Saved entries
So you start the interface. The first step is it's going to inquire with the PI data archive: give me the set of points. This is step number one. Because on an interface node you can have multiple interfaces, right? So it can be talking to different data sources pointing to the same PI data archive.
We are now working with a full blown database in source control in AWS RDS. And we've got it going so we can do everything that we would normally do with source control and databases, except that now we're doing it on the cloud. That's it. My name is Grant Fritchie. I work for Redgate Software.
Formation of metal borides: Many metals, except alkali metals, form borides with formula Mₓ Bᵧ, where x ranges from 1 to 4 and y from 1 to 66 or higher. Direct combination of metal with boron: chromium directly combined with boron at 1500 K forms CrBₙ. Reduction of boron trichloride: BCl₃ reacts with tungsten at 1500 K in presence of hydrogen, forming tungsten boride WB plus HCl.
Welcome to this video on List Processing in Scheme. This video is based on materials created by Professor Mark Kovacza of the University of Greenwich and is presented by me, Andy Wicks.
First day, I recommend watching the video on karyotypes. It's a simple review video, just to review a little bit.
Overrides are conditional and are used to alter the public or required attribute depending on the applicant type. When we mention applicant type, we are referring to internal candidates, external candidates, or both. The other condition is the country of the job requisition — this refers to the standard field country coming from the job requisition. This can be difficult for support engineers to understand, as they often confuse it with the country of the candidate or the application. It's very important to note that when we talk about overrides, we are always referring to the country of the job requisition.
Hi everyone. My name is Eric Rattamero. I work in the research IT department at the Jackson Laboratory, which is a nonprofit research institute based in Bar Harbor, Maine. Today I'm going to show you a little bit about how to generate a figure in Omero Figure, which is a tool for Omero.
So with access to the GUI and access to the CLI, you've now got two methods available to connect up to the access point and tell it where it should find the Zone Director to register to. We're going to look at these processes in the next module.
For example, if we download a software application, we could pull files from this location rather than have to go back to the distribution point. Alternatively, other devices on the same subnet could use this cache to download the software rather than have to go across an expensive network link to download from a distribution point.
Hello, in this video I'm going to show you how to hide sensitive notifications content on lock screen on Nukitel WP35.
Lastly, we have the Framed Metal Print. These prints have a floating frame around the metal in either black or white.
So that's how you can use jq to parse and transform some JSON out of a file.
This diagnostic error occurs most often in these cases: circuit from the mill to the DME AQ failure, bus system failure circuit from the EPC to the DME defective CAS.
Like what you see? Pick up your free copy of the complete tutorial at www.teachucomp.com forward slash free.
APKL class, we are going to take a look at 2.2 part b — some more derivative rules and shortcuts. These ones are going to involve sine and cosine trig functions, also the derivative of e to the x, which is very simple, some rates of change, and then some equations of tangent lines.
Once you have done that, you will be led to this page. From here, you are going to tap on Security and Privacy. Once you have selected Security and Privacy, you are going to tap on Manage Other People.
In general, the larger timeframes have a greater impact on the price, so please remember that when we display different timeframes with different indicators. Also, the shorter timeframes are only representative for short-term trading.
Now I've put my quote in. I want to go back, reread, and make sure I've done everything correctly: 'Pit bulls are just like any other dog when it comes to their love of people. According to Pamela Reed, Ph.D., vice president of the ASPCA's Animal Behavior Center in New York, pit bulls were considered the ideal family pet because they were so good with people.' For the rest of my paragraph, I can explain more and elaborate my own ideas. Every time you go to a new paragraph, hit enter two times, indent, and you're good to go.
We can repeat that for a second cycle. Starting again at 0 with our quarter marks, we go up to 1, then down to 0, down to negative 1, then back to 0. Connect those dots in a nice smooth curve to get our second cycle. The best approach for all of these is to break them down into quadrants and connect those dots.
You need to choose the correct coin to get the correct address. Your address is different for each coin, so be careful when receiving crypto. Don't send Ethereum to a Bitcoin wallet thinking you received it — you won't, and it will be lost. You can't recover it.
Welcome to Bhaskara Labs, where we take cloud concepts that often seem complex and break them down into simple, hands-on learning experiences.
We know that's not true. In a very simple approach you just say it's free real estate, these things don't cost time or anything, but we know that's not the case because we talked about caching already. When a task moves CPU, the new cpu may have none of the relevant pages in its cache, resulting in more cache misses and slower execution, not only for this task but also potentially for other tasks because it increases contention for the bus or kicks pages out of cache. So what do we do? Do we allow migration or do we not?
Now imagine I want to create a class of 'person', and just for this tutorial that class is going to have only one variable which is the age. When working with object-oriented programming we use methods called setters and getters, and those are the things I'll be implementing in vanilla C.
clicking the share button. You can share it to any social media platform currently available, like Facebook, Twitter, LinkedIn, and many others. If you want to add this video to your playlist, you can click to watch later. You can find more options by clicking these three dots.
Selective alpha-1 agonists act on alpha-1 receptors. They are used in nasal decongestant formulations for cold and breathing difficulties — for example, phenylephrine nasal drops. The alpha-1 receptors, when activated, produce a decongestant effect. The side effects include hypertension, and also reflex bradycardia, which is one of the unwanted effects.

**Exercise instructions:** What you return should be exactly the lines above, starting at the one with "Formation of metal" and ending at the one with "So with access", and nothing else.

**Exercise solution:**
Formation of metal borides: Many metals, except alkali metals, form borides with formula Mₓ Bᵧ, where x ranges from 1 to 4 and y from 1 to 66 or higher. Direct combination of metal with boron: chromium directly combined with boron at 1500 K forms CrBₙ. Reduction of boron trichloride: BCl₃ reacts with tungsten at 1500 K in presence of hydrogen, forming tungsten boride WB plus HCl.
Welcome to this video on List Processing in Scheme. This video is based on materials created by Professor Mark Kovacza of the University of Greenwich and is presented by me, Andy Wicks.
First day, I recommend watching the video on karyotypes. It's a simple review video, just to review a little bit.
Overrides are conditional and are used to alter the public or required attribute depending on the applicant type. When we mention applicant type, we are referring to internal candidates, external candidates, or both. The other condition is the country of the job requisition — this refers to the standard field country coming from the job requisition. This can be difficult for support engineers to understand, as they often confuse it with the country of the candidate or the application. It's very important to note that when we talk about overrides, we are always referring to the country of the job requisition.
Hi everyone. My name is Eric Rattamero. I work in the research IT department at the Jackson Laboratory, which is a nonprofit research institute based in Bar Harbor, Maine. Today I'm going to show you a little bit about how to generate a figure in Omero Figure, which is a tool for Omero.
So with access to the GUI and access to the CLI, you've now got two methods available to connect up to the access point and tell it where it should find the Zone Director to register to. We're going to look at these processes in the next module.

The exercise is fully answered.